Why should I trust the ones who are actually violating laws by, say, ramming a ship? The whalers are engaged in a permissible activity, no matter how much you disagree with it.
Of course you’re not interested in that because your heroes are not the non-violent chaps you pretend they are. So, instead of admitting that they are, in fact, violent, you’ll just “avoid the argument”.
The crew of the ship rammed aren’t people?
You just admitted that you see that “line” as quite flexible, so this statement from you is meaningless.
Save your righteous indignation for a worthy topic. The legal situation is nowhere near as clear cut as you make out. The Sea Shepherds use various arguments in international law to justify their actions and they win some cases and they lose some cases.
Here is their page with their justifications:
http://www.seashepherd.org/who-we-are/laws-and-charters.html
Here is a legal analysis:
http://www.animalplanet.com/tv-shows/whale-wars/about-whaling/legal-debate-sea-shepherd-legal-authority/
Some legal experts agree with Sea Shepherds, some don’t.
Its a grey area, and meaningless to discuss unless you are talking about one specific incident and have all the facts at hand. The 2007 ramming its claimed that the Japanese whaling ship cut off one of the Sea Shepherd ships and that they could not slow down or change course in time. Then of course there is the destruction of the Adi Gil where it seems both parties were at fault:
I get it you don’t believe in direct action by NGO’s that targets property. I do (in certain limited cases). Neither of us is going to change each others mind. Meanwhile I’ll donate another $100 to Sea Shepherds.
Oh absolutely, catch-and-release can be very hard on fish, although it’s seldom actually fatal:
Not sure I see the relevance of westerners sport fishing. We do not go fishing after dolphins or whales for sport in the west anymore. Specifically the argument many make against whaling is that it is immoral to hunt and eat any animal which we have evidence for complex societies and possibly a language of sorts.
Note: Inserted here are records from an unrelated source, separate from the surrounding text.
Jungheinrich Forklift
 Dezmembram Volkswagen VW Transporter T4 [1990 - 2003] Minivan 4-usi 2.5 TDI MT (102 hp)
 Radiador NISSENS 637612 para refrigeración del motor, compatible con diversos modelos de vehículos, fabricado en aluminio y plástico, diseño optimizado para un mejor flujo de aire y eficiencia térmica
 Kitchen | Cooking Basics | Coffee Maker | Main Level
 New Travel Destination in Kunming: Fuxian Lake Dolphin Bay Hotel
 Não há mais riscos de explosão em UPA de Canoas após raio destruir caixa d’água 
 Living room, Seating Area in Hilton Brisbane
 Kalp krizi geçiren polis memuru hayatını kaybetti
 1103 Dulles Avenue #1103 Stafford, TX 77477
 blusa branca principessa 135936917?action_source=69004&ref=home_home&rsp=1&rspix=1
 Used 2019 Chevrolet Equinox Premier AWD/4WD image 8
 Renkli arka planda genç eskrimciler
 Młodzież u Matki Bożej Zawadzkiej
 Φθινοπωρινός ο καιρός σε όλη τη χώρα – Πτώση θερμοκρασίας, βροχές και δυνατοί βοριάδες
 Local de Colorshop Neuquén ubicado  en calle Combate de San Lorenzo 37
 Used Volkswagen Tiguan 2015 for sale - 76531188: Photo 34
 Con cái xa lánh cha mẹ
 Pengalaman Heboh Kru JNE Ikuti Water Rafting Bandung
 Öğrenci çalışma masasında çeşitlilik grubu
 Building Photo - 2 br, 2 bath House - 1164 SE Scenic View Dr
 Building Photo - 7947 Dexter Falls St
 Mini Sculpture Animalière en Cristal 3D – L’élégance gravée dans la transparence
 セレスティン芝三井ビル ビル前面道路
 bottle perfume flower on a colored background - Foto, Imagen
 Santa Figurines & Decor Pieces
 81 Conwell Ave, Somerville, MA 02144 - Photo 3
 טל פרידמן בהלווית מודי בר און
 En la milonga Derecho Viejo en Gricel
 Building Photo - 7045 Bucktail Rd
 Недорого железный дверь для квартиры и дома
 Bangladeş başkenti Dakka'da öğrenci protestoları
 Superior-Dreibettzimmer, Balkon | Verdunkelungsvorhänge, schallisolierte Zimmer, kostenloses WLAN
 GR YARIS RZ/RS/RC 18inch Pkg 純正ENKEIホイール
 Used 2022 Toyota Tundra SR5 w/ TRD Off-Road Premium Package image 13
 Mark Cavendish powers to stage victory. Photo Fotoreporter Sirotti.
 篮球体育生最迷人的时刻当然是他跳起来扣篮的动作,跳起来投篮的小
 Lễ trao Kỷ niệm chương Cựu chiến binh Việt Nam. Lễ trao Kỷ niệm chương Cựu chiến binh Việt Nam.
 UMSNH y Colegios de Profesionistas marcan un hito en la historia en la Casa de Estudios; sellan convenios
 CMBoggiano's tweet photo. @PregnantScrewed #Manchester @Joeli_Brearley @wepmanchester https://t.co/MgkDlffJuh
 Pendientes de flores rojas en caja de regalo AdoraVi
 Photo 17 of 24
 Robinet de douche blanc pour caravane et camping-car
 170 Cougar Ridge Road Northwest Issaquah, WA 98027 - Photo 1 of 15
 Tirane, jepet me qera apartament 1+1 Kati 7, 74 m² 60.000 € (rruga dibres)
Dolphins and whales meet that criteria.
I don’t really have a problem with Japanese slicing pieces off live fish, to me it’s all about where the animal lies on the spectrum of potential sentience and fish are pretty low down.
Why does the size matter? A small fish and large whale both feel pain.
Plenty of Japanese cuisine involves pork, beef, chicken, etc. Meat from land animals.
Nope, there is considerable evidence that fish (and possibly reptiles) “do not have the neuro-physiological capacity for a conscious awareness of pain.”
Whales and dolphins are of course mammals, with entirely different neuro-physiological anatomy and I don’t believe its disputed that they can feel pain.
I suppose that’s what it all boils down to. I’m with **Monty **on this one: I don’t think that NGO’s have a legitimate right to use violence or the threat of violence against people *or * their property.
How do you define the “certain limited cases” where you think they should have that right? Is it exclusively tied to the protection of whales, or would, say, the ramming of Greyhound buses for the protection of Kangaroos also be ok (as long as nobody in the bus gets hurt of course)?
Both of those ships ran aground - they didn’t sink on the open sea.